Give again, word for word, each line of the data from the first through the one containing "The daily house". Pictures stay out.

(Collected data)

***

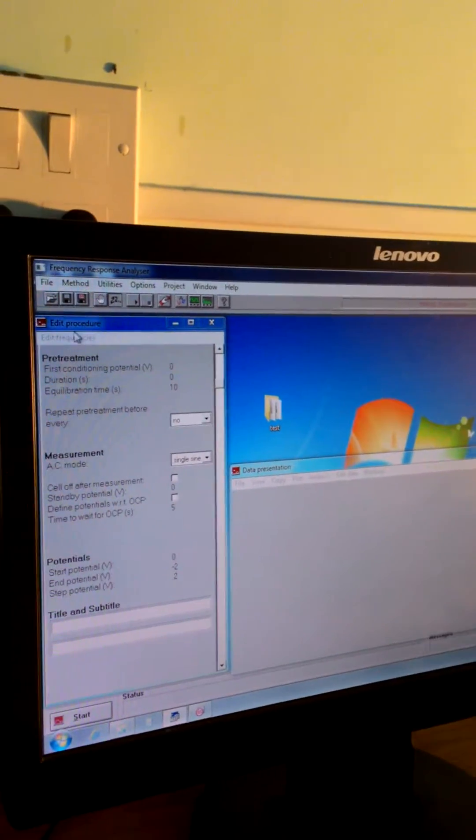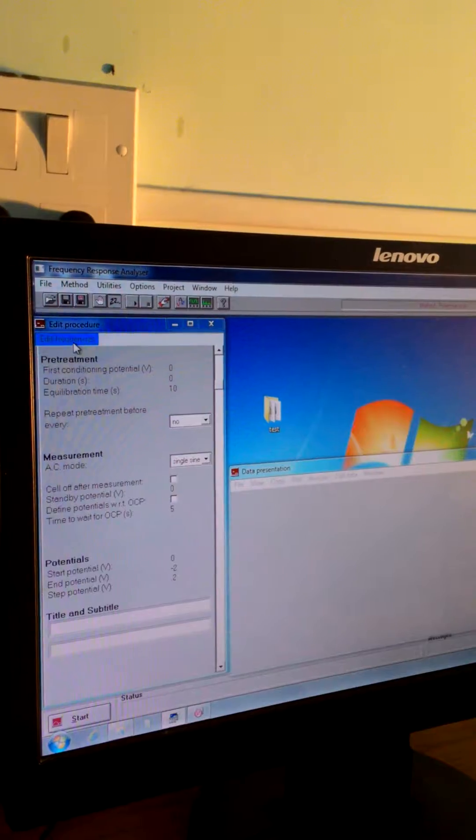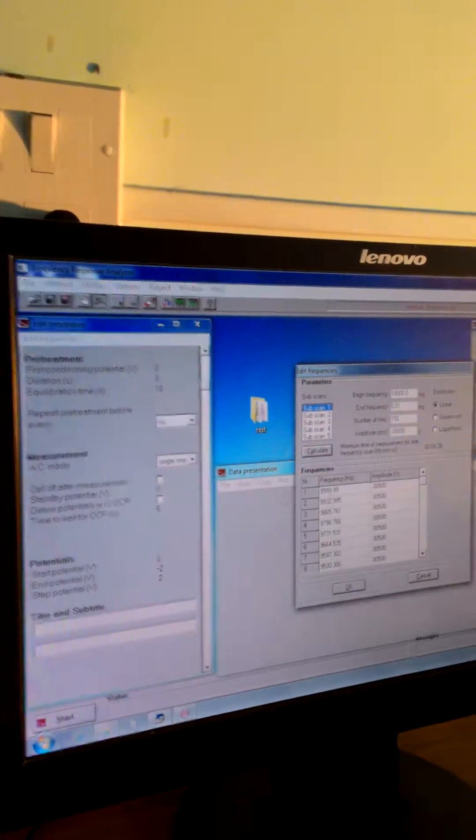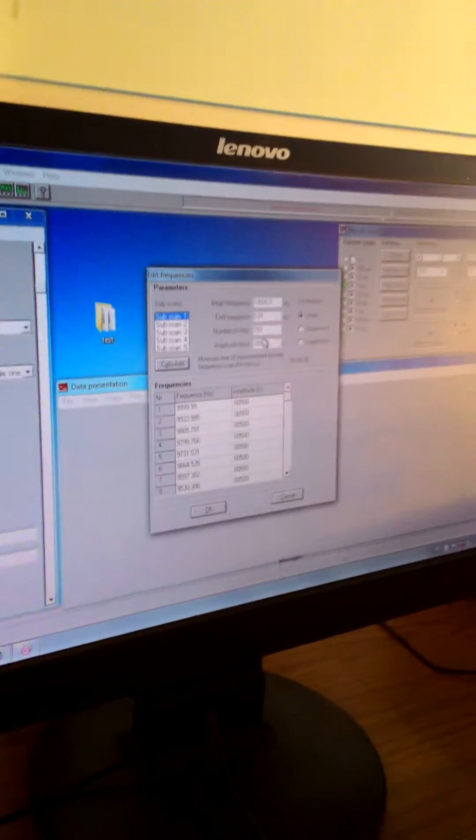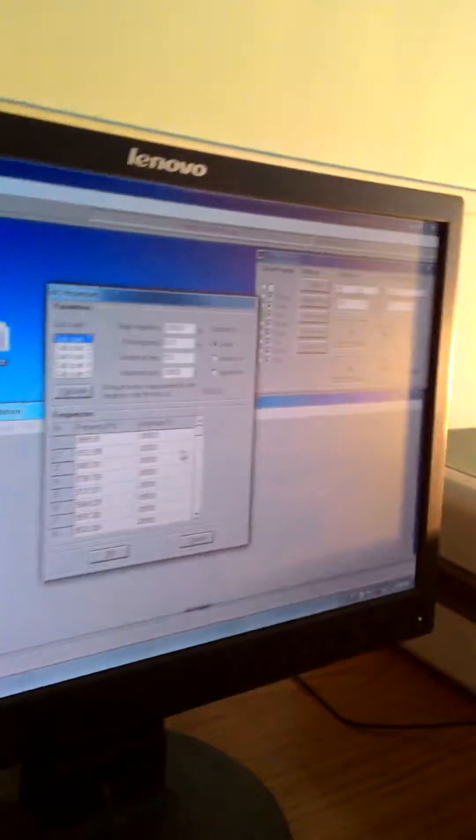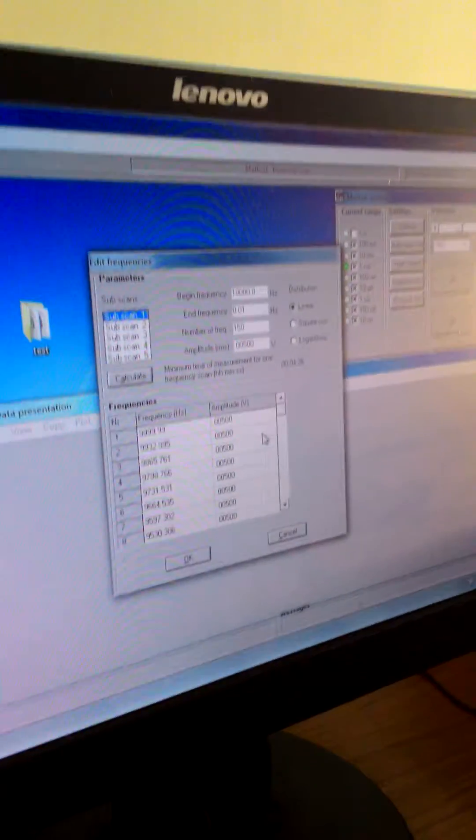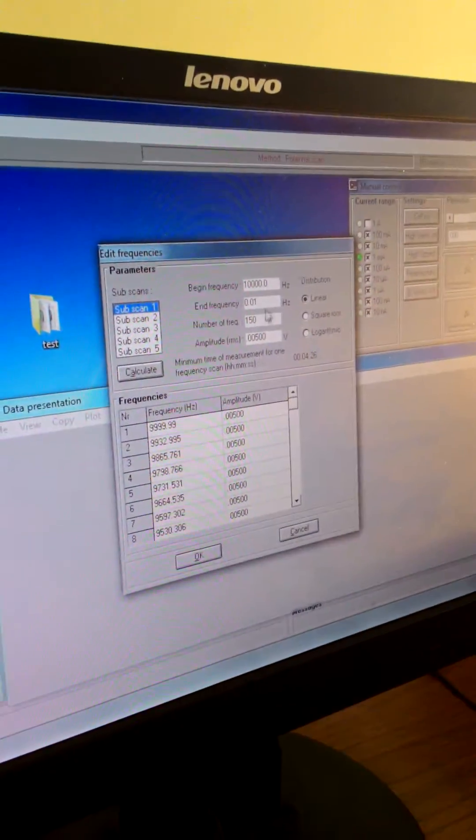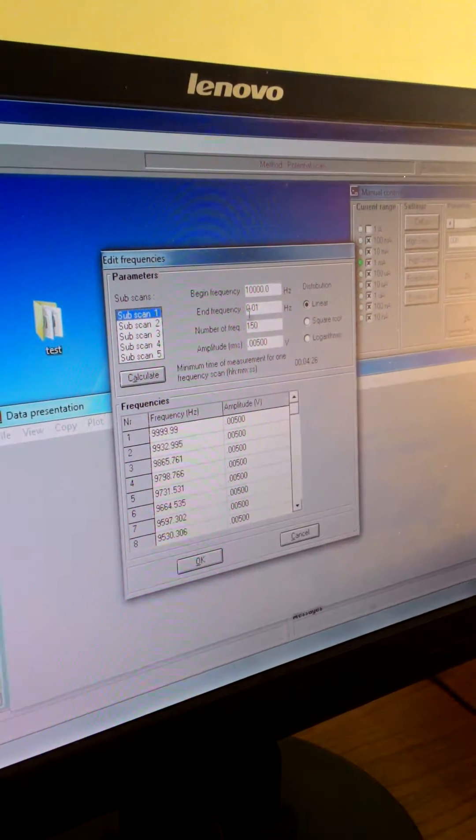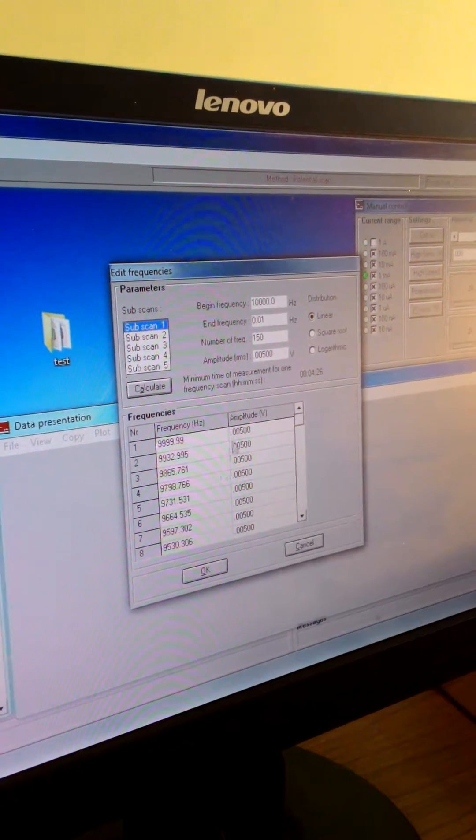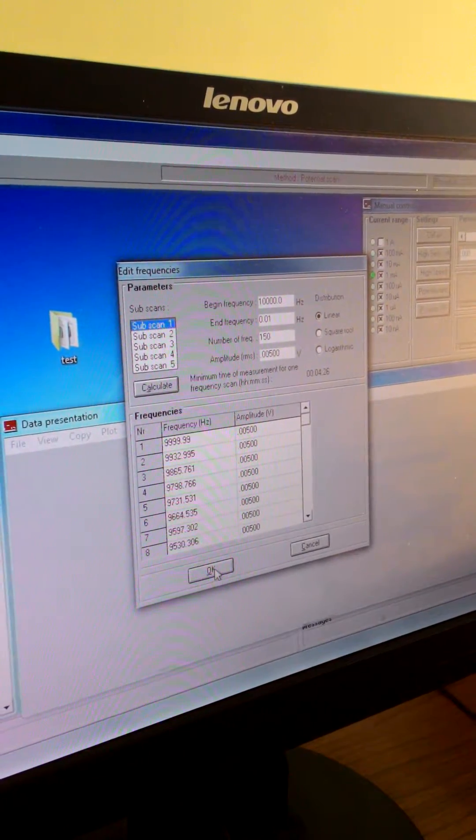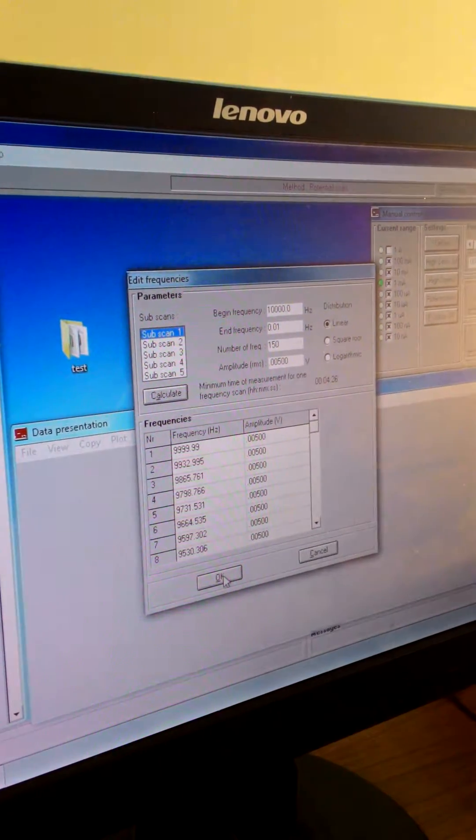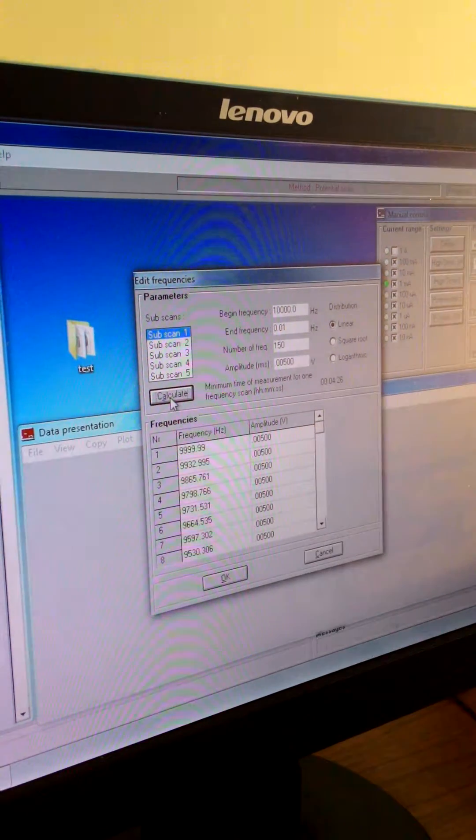Now edit frequency, whatever you want to put, like linear. It is okay. From this frequency to this frequency, this will do it. Just calculate.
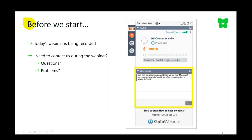Before we begin, just some quick housekeeping. We are recording this webinar so you can play it back if you want to listen again. If you have any questions during the webinar, you can ask a question using the GoToWebinar tools, and if we have time at the end we will look to address those, or follow up after the meeting. Someone will be monitoring the chat and questions throughout the webinar, so if we're able to respond straight away we will.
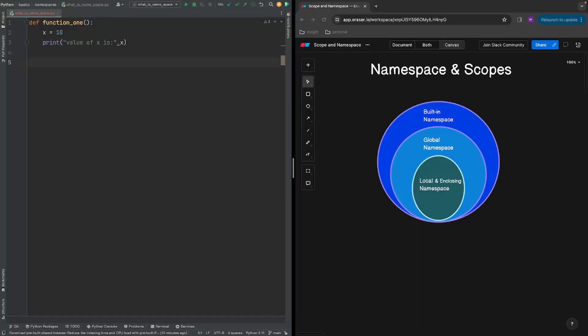Hi everyone, welcome back to another video in the namespace series. In the previous video we talked about what namespace is and how Python handles all the variables that you declare. In this video we will talk about local namespace, so if you have not watched my previous video please make sure to watch that first and then follow along.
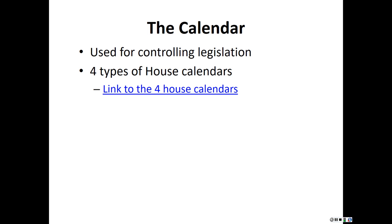The daily house calendar must be distributed to members 36 hours before the House may consider those measures — essentially it covers new business to be discussed in the next couple of days. The second type is the supplemental house calendar, which contains old business — something from a previous day that was postponed or wasn't reached for consideration for whatever reason.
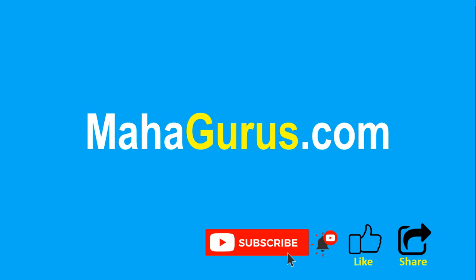You can find the link to complete basics to advance Excel tutorial in the description below, or you can visit Mahagurus.com to see lots of other software courses. Thank you.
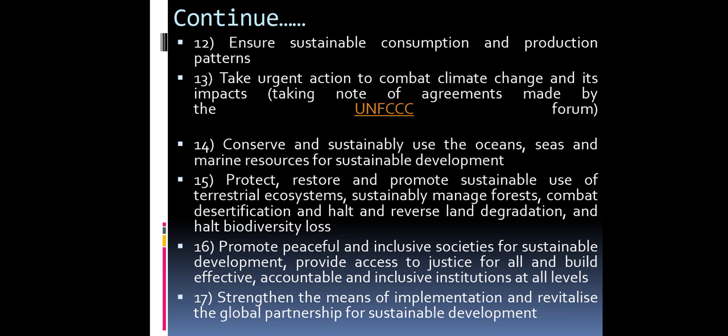Goal 16: Promote peaceful and inclusive societies for sustainable development, provide access to justice for all, and build effective, accountable and inclusive institutions at all levels. Goal 17: Strengthen the means of implementation and revitalize the global partnership for sustainable development.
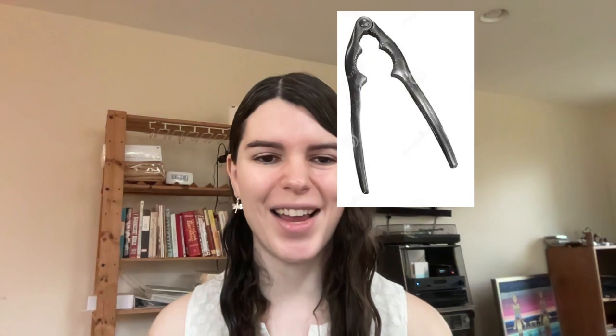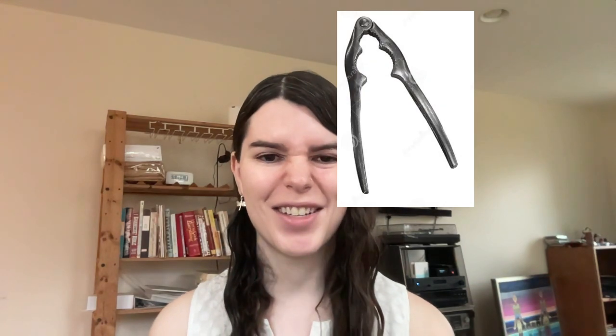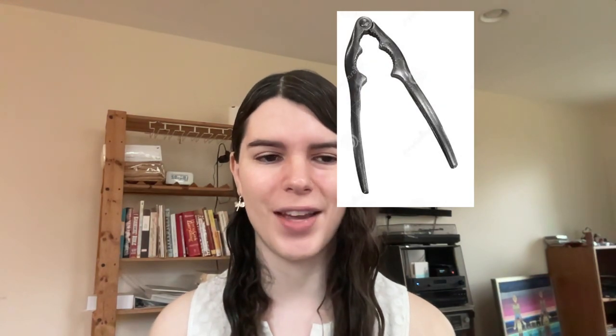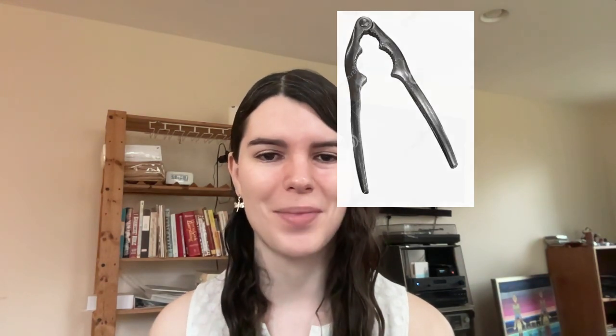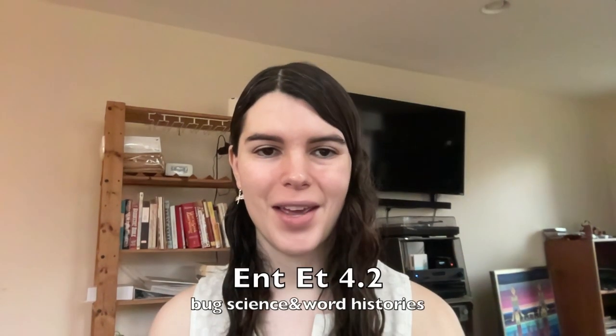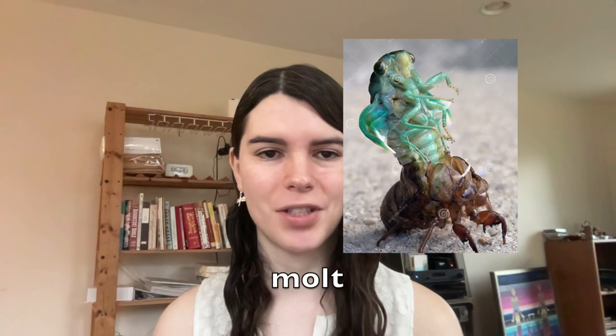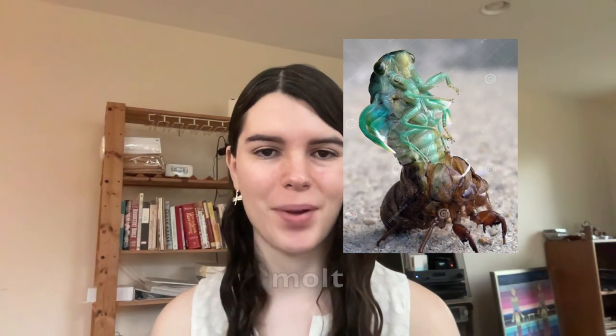These guys can really lay it on thick, just to keep you away from that delicious lobster meat. Insects are protected by their chitinous exoskeleton, but unlike skin, it's inflexible, and so insects need to molt their exoskeleton before growing bigger, and then hardening up again.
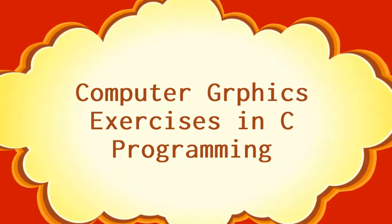Welcome to dotnetbomb. In this video series we will discuss some of the computer graphics exercises in C programming.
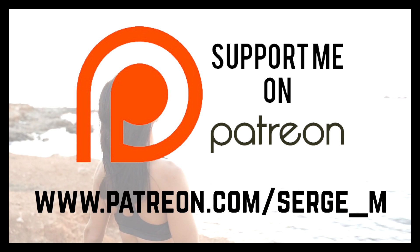If you're not a patron, I encourage you to visit my Patreon page, linked in the description, where, for as little as one dollar per month, you'll get full access to this plugin, and many more to come in the future.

***

> The completed task
Now edit frequency, whatever you want to put, like linear. It is okay. From this frequency to this frequency, this will do it. Just calculate.
Before we begin, just some quick housekeeping. We are recording this webinar so you can play it back if you want to listen again. If you have any questions during the webinar, you can ask a question using the GoToWebinar tools, and if we have time at the end we will look to address those, or follow up after the meeting. Someone will be monitoring the chat and questions throughout the webinar, so if we're able to respond straight away we will.
Hi everyone, welcome back to another video in the namespace series. In the previous video we talked about what namespace is and how Python handles all the variables that you declare. In this video we will talk about local namespace, so if you have not watched my previous video please make sure to watch that first and then follow along.
The daily house calendar must be distributed to members 36 hours before the House may consider those measures — essentially it covers new business to be discussed in the next couple of days. The second type is the supplemental house calendar, which contains old business — something from a previous day that was postponed or wasn't reached for consideration for whatever reason.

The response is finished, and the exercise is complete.